Ma chronique du 2 février dans l'émission Lumière de l'orthodoxie (textes et enregistrement), sur Radio Notre-Dame, abordait la question de l'épuisement ("burn out") dans le monde du travail et la relation à l'autre dans cette situation. En voici le texte.
« Quel avantage l’homme aura-t-il à gagner le monde entier, s’il le paie de sa vie ? », nous dit le Christ dans l’Évangile de Matthieu (16, 26). Voilà une parole qu’il est vital de méditer quotidiennement. Dans notre société, devenue surtout utilitariste, tournée vers les richesses matérielles et la performance extérieure, il importe de s’en souvenir comme d’une bouée de salut pour que nous ne perdions pas notre route véritable.
A ce propos, sans doute avez-vous lu de récentes études sur l’épuisement professionnel, ce que l’on appelle communément le « burn out ». Dernièrement, une nouvelle étude a révélé que 3 millions de Français seraient au bord du « burn out », soit pas loin de 10% des actifs, le nouveau mal du siècle selon l’hebdomadaire L’Express qui y a consacré un dossier il y a peu.
A vrai dire, cela ne m’étonne guère, tant je le constate autour de moi dans mon milieu professionnel, celui de l’enseignement. Les charges se sont ajoutées, souvent des travaux périphériques qui conduisent à une dispersion des efforts, les pressions se sont aussi accrues. Cela, alors que par ailleurs les problèmes relationnels se sont complexifiés. Cela fait beaucoup pour tous et trop pour un bon nombre. D’où de nombreuses petites défaillances, des oublis, des coups de fatigue qui reviennent très régulièrement, et parfois de grosses et durables défaillances.
La multiplication des moyens de communication et l’utilisation obligée, sinon compulsive de ceux-ci, a augmenté de manière très importante la pression. Ainsi, pour parler de ce que je connais, je reçois des mails professionnels le soir ou encore le dimanche, alors qu’il s’agissait de moments où une coupure salutaire pouvait s’opérer pour refaire ses forces, prendre du recul et le temps de la réflexion ainsi que de l’approfondissement.
C’est à la fois un problème humain, un problème de société et aussi un problème spirituel.
Un problème humain pour chacun de nous, car le temps du ressourcement est de plus en plus rogné par une agitation constante qui épuise physiquement et psychiquement. C’est un problème relationnel. A force de courir, de chercher à tout prix des résultats, on ne voit plus les autres, ou très superficiellement. De plus, l’autre est souvent utilisé, manipulé, finalement non considéré, tout cela en raison d’objectifs qui ne respectent pas le temps humain. Qu’est-ce que devient l’autre pour nous dans ce cadre ?
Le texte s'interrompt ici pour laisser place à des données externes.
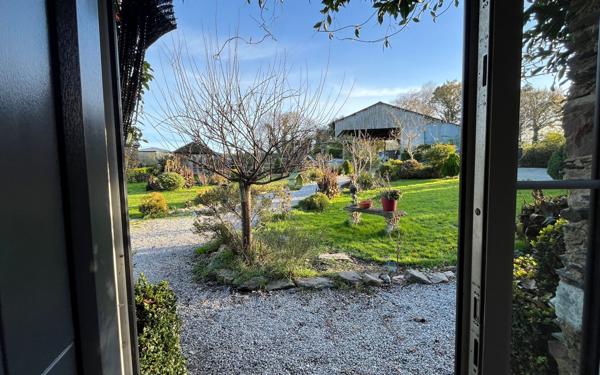 Maison à vendre    3 pièces • 115 m2 Saint-Gelven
C’est un problème de société. La mesure de chacun, les limites à ne pas franchir pour ne pas déséquilibrer, ne sont pas prises en compte. Aussi socialement, au lieu de construire l’on défait.
C’est enfin et d’abord un problème spirituel. La relation à l’autre est problématique ce qui, en fin de compte, nous handicape aussi. Les liens qui nous unissent sont, dans cet esprit, peu à peu coupés. Nous devenons toujours plus étrangers les uns les autres lorsque nous n’avons pas le temps de nous regarder, de nous écouter, de nous comprendre et de nous accepter, de faire un pas vers l’autre.
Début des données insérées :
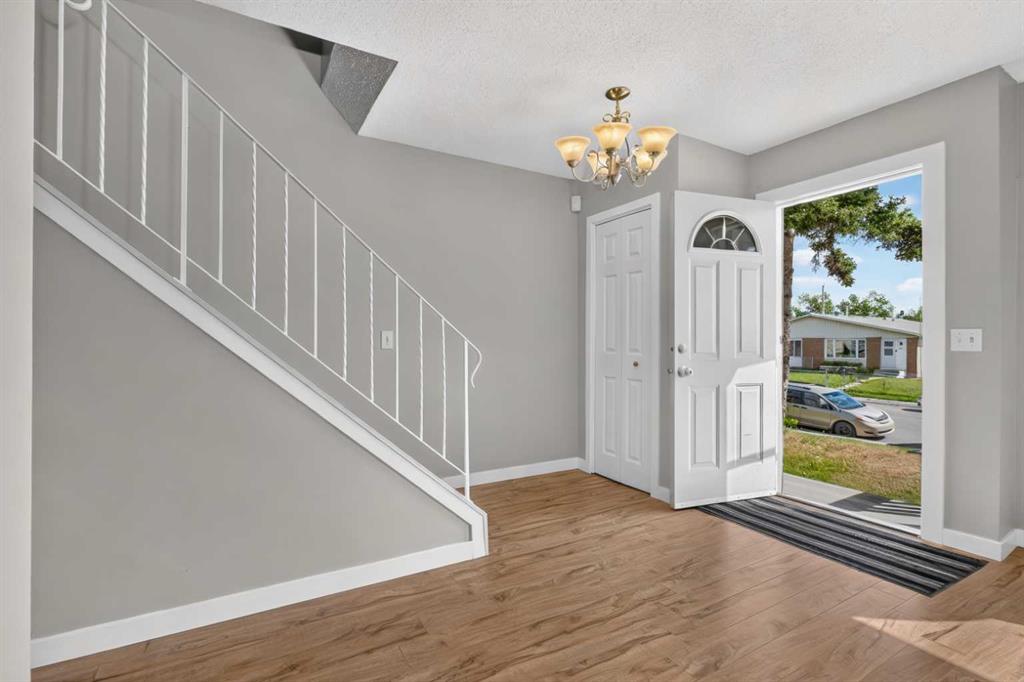 Picture for 207 Penworth Drive SE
C’est aussi un problème spirituel pour notre propre maturation intérieure. Pour entrer dans les profondeurs de son être, là où tout se noue et se dénoue, il est indispensable d’avoir du temps, du calme, d’y orienter son attention. Le Seigneur nous l’a dit : « de tout ton cœur, de toute ton âme, de toute ta force et de toute ta pensée » (Luc 10, 27).
Il importe donc de bien avoir conscience de cette réalité présente pour ne pas s’y laisser enfermer et fermer du même coup le chemin de notre intériorité. Pour ne pas y emprisonner les autres aussi. Pour que tous nous puissions desserrer les carcans qui empêchent le véritable soleil, soleil spirituel, d’entrer et de rayonner dans nos cœurs et dans nos vies.